Para o sociólogo e professor da USP José de Souza Martins, a obra sociológica de Florestan Fernandes cobre um extenso campo da realidade social brasileira e “constitui um dos mais densos retratos do Brasil, decisiva contribuição para formação de uma autoconsciência científica de nossa sociedade”. Pioneiro no estudo das desigualdades raciais, seu livro “A Integração do negro na sociedade de classes”, publicado em 1965, já antecipava o que agora está em pauta com o movimento Vidas negras importam: as desigualdades raciais não se resolvem automaticamente. Mudanças sociais e urbanização acelerada não fazem desaparecer os problemas mais agudos, ao contrário, eles se tornam mais explosivos e violentos.

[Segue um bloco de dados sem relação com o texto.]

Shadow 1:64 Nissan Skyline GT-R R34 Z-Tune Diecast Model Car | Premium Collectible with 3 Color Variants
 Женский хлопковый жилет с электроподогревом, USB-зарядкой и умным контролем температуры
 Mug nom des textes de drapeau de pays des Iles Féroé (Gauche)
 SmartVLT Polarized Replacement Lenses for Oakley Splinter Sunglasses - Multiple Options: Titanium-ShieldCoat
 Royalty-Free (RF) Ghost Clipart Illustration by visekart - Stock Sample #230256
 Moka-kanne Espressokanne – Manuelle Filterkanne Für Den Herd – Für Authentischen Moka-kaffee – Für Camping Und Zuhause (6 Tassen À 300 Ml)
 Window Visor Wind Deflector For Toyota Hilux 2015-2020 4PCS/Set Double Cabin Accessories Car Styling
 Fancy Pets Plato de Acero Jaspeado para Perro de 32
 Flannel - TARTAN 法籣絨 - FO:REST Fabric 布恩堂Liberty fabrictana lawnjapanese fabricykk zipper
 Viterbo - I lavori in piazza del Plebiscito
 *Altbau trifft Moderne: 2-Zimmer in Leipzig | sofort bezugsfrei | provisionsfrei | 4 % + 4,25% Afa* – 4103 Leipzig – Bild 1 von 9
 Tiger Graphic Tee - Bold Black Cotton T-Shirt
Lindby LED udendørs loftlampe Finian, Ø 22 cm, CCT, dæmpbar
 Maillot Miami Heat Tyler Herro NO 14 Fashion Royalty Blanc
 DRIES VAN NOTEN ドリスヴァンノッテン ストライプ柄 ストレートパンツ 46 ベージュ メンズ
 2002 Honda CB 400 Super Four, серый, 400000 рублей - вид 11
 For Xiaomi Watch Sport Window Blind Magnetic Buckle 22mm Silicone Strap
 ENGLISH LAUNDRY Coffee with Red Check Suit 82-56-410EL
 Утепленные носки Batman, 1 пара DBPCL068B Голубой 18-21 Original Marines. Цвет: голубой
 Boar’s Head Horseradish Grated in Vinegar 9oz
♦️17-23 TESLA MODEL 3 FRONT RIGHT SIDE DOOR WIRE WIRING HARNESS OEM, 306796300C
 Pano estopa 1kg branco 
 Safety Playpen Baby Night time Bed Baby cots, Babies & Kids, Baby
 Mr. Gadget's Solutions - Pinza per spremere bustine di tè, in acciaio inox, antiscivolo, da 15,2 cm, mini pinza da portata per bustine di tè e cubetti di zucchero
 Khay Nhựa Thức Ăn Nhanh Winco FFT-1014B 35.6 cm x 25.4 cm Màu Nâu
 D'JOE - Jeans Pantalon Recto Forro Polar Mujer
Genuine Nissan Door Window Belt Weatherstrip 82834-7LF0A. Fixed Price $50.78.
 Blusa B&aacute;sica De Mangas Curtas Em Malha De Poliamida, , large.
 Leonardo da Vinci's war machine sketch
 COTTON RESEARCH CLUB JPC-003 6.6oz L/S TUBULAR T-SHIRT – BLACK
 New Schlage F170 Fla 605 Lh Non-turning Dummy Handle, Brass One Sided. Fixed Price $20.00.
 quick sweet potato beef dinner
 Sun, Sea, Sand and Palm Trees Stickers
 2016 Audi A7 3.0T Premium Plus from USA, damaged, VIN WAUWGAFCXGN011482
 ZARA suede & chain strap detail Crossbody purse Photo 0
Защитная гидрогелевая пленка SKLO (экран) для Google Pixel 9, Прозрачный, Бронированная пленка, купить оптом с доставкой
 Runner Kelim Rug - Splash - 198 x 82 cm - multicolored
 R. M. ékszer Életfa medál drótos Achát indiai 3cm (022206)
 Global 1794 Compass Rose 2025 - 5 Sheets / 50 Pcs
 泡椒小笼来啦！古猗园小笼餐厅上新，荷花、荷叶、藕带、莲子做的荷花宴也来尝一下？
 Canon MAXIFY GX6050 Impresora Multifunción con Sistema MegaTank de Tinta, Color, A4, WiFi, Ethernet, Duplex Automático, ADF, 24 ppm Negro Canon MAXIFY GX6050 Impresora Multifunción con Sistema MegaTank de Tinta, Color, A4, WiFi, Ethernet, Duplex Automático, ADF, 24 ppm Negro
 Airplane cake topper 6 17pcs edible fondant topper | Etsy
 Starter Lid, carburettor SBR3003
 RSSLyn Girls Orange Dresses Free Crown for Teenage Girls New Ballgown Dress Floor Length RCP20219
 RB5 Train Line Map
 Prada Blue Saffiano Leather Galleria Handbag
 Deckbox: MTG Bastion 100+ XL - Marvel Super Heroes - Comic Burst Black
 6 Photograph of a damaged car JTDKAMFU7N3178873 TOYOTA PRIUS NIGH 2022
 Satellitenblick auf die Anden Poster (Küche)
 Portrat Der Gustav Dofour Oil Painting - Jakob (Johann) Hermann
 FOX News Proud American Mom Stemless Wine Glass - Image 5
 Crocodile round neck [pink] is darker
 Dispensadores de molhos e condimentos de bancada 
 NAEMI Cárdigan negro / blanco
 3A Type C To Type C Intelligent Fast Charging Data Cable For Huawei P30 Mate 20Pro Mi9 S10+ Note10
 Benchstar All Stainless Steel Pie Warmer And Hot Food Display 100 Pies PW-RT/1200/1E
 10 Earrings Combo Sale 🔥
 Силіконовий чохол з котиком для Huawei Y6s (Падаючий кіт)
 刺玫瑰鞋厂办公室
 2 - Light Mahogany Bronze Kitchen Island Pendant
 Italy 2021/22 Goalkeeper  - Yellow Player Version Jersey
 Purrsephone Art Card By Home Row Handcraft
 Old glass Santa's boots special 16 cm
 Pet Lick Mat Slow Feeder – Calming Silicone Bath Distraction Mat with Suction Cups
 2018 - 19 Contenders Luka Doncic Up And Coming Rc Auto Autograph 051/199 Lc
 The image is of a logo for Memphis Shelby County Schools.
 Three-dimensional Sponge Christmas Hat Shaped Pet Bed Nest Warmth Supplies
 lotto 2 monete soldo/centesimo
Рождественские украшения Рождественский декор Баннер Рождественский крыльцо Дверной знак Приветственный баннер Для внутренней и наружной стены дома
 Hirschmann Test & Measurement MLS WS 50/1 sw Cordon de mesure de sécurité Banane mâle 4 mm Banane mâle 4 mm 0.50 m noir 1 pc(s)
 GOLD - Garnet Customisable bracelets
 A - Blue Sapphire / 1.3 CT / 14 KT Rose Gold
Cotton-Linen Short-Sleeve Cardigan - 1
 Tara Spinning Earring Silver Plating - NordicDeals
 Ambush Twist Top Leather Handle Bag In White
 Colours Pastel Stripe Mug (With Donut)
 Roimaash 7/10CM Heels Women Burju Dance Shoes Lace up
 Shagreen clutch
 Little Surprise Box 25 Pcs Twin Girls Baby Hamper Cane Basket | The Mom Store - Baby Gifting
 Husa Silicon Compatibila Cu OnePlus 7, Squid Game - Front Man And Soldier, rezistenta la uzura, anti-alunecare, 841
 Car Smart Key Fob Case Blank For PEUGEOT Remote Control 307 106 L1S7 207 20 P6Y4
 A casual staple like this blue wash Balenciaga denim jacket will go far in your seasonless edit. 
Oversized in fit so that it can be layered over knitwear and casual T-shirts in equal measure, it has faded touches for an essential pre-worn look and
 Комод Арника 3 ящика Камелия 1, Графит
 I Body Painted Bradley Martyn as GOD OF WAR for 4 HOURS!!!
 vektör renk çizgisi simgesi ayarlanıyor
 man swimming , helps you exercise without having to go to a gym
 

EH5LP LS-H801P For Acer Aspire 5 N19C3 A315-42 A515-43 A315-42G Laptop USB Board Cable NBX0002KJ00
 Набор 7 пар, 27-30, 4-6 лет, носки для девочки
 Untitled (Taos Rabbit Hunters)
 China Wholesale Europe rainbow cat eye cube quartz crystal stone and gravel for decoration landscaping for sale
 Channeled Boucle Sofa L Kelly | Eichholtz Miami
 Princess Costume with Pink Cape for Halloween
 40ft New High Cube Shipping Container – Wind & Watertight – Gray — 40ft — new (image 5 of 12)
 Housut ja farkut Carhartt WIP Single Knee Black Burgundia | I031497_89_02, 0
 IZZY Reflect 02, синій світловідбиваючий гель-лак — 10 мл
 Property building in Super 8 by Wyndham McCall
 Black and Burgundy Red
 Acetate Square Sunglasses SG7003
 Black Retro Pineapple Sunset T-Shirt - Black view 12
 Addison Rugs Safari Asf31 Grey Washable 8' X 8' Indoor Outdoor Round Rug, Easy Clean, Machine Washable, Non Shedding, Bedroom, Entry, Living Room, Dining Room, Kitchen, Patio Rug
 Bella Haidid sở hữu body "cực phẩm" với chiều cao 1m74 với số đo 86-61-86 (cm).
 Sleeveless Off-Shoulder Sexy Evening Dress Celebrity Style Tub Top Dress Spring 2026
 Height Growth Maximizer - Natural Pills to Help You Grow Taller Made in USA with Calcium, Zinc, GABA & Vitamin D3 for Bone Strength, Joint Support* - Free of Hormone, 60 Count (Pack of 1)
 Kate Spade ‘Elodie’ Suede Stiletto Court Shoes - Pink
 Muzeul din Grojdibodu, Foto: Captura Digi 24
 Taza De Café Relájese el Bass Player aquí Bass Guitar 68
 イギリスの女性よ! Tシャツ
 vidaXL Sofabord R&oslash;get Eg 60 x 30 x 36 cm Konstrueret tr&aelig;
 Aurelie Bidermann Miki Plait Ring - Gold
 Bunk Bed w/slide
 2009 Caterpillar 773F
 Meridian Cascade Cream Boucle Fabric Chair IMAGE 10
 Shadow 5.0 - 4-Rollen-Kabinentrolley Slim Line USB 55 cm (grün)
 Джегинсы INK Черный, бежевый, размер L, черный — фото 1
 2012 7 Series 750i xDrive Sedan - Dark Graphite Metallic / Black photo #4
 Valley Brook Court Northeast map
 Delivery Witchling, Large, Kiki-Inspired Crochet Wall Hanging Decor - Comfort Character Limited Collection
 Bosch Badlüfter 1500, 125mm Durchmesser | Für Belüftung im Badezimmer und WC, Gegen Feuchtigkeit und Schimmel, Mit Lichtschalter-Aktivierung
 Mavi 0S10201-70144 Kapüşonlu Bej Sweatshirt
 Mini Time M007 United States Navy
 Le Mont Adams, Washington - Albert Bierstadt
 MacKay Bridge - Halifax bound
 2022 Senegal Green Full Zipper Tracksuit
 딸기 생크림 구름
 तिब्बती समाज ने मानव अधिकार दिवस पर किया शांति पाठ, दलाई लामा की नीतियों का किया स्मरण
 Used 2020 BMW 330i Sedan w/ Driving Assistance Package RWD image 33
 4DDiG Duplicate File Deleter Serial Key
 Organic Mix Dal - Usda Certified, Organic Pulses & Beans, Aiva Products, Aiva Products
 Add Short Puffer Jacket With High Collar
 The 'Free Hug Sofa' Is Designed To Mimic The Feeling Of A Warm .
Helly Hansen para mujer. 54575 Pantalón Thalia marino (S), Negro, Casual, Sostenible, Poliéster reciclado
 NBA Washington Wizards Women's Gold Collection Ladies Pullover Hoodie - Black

Suas pesquisas e análises para estudar a consolidação da autocracia burguesa ao longo da formação histórica brasileira estão em outro clássico, “A revolução burguesa no Brasil”, de 1975, que acaba de ser lançado pela editora Concorrente. Florestan foi um ativo participante da vida social e política. Um dos fundadores do PT, eleito deputado pelo partido na Constituinte. Como Celso, seu companheiro de viagem nestes cem anos que não foram de solidão, também foi vítima da violência do Estado autoritário. Apo-sentado compulsoriamente de sua cátedra na USP em 1969, deixou o país e foi levar seus saberes para os alunos das universidades de Columbia e Yale, como professor visitante.